The simulation results indicated that in situations where students were both dynamically grouped based on prior year test scores and nonrandomly assigned to teachers, the DOLS estimator maintained a strong correlation with the true teacher effect, while the SGP estimator performed less well. To examine whether the SGP model differs from DOLS in actual data, we divided teachers into schools with random and nonrandom grouping using a test for nonrandomness developed in Dieterle et al. (Citation2015). The test involves running a student-level multinomial logit regression of classroom assignment on prior year test scores and other observables for each school-grade-year combination in the data. Finding that students’ prior year test scores significantly predict their classroom assignment is taken as evidence that nonrandom grouping based on prior test scores occurs in that particular school-grade-year. Since nonrandom grouping is a precondition for nonrandom grouping and assignment, we focus on teachers in school years that reject the test of random grouping and compare them with teachers in school years that fail to reject. The data contain 305 unique schools with 1025 unique school-year-grade observations for which we could perform the multinomial logit test (more than one classroom per grade is needed to perform the test). Out of the 1025 school-year-grade observations, there is evidence of nonrandom grouping in 845 (60.88%). We report Spearman rank correlations across estimators as well as differences in classification: the fraction of teachers rated in the bottom (or top) 25% in one estimator but not in the other. These comparison measures are presented in Tables 3 through 5. Although our main focus is the comparison between the DOLS and SGP estimators, we also include statistics for the empirical Bayes' estimator, which we abbreviate as EB-Lag, in our comparison. The results for the AR estimator are available upon request. The correlation between the two estimators is 0.998, and the results for the shrunken AR estimator are very similar to those derived from the empirical Bayes' estimator.

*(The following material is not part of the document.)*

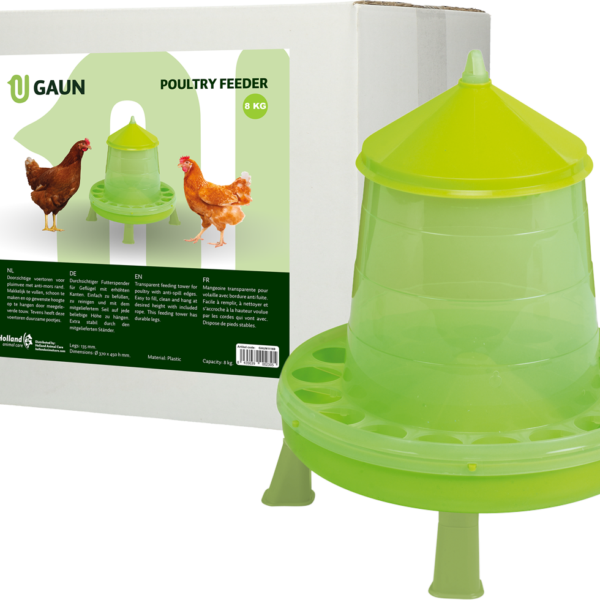 Turn de hrănire pentru păsări de curte, cu piciorușe, verde lime, 8 kg – Gaun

The DOLS and EB-Lag models include the student’s free-and-reduced price lunch status, English learner status, gender, and indicators for whether the student is black or Hispanic. Teacher effectiveness estimates for all estimators—DOLS, EB-Lag, and SGP—are computed using data from two student cohorts. We use six years of chronological data, but each teacher estimate is a two year average. We also computed estimates based on one student cohort, but in this case the DOLS specification did not include peer characteristics. The resulting patterns were similar to those presented here and are available upon request. The DOLS and the EB-Lag models include two prior years mathematics scores as controls, as well as the student’s class average prior year test score as a control for peer effects. The SGP models include only the two prior year mathematics scores as controls in the quantile regressions, since this is how the estimator is described in Betebenner (Citation2011). As a sensitivity check we estimate the SGP rankings by including the other student demographics. In another sensitivity check, we estimate the value-added models using only previous test scores as controls. This somewhat alters the correlations, but the main patterns still hold.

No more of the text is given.